Gov. Kristi Noem announced the series of ads in June that feature here in various professions. The $5 million campaign is funded through the state’s Future Fund, overseen by the Governor’s Office of Economic Development.
Rep. Mike Derby, R-Rapid City, said some economic development organizations were asked to provide $10,000 to receive the contact list of responses from the campaign.
“Why was a decision made to provide information that I thought would have been provided organically for free to economic development organizations around state?” Derby asked GOED officials during a meeting of the Joint Appropriations Committee.
GOED Commissioner Chris Schilken said it was no different than any other marketing effort.
“So we had private companies and OED partners reach out to ask how they can contribute to keeping the workforce campaign going,” Schilken said. “As part of that we offered marketing apps.”
More than 30 partners have contributed about $400,000, Schilken said.
Lawmakers questioned the money spent on the campaign.
Rep. Linda Duba, D-Sioux Falls, said she was told businesses were asked to contribute because the campaign was out of money.
Workforce development campaigns, to be effective, are expensive, Schilken said.
“The partners that were reaching out were very cognizant of that and we wanted to be able to extend the campaign as long as possible and so by agreeing to match the dollars, that was part of the commitment to the partners,” Schilken said.
The GOED also has $1 million in unspent funds from fiscal year 2023. Department officials were questioned about its plans for that money.
Lawmakers may have to wait until the 2024 budget hearings to get answers. Chairman Jean Hunhoff, R-Yankton, said she wanted GOED to have the costs “broken out” by then.
“You have how much came out of (the) Future Fund, how much you are partnering with, about the million and that’s in there, where are those dollars, and where are you putting the $400,000 and what’s in that fund that you are putting it into,” Hunhoff said. “And what’s the utilization of that fund, what can be funded through that, where the $400,000 is going to. I think you can do that.”

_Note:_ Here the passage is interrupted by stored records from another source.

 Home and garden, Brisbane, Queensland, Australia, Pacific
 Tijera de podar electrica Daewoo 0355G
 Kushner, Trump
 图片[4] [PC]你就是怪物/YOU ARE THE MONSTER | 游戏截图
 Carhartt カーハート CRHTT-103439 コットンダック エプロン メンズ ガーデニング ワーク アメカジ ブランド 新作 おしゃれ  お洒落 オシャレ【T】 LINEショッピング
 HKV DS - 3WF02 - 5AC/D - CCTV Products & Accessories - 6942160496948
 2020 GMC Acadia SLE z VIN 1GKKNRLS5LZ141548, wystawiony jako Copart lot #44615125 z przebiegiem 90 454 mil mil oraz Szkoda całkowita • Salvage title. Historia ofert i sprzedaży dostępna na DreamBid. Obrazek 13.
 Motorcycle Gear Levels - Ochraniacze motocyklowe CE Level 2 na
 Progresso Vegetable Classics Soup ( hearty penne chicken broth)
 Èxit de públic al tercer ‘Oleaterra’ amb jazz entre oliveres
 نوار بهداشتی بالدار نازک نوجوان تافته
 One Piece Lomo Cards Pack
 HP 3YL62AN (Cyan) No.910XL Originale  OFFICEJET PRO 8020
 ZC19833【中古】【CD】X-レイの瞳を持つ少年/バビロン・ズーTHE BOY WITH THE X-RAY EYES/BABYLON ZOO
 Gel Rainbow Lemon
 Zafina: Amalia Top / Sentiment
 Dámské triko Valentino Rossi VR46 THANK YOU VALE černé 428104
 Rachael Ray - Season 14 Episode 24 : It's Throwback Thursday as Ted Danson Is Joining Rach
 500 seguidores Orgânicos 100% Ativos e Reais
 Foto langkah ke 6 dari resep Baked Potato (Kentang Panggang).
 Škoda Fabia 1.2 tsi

Duba said lawmakers also need to know about the campaign’s results.
“We heard all about these clicks and these opportunities through Freedom Works, but when it comes right down to it, how many people have directly been hired through this program and the Department of Labor,’ Duba said. “Where are we going to see those metrics? To me, that’s an outcome we need to see.”
GOED Finance Director Travis Dovre said workforce development campaigns are challenging.
“It’s a lot of money to have the ad placements to garner attention on the state,” Dovre said. “But not everybody who sees those ads decides to register with the Department of Labor and Regulation for job-seeking services. We will probably never have an exact number to provide to this committee on how many people moved here.”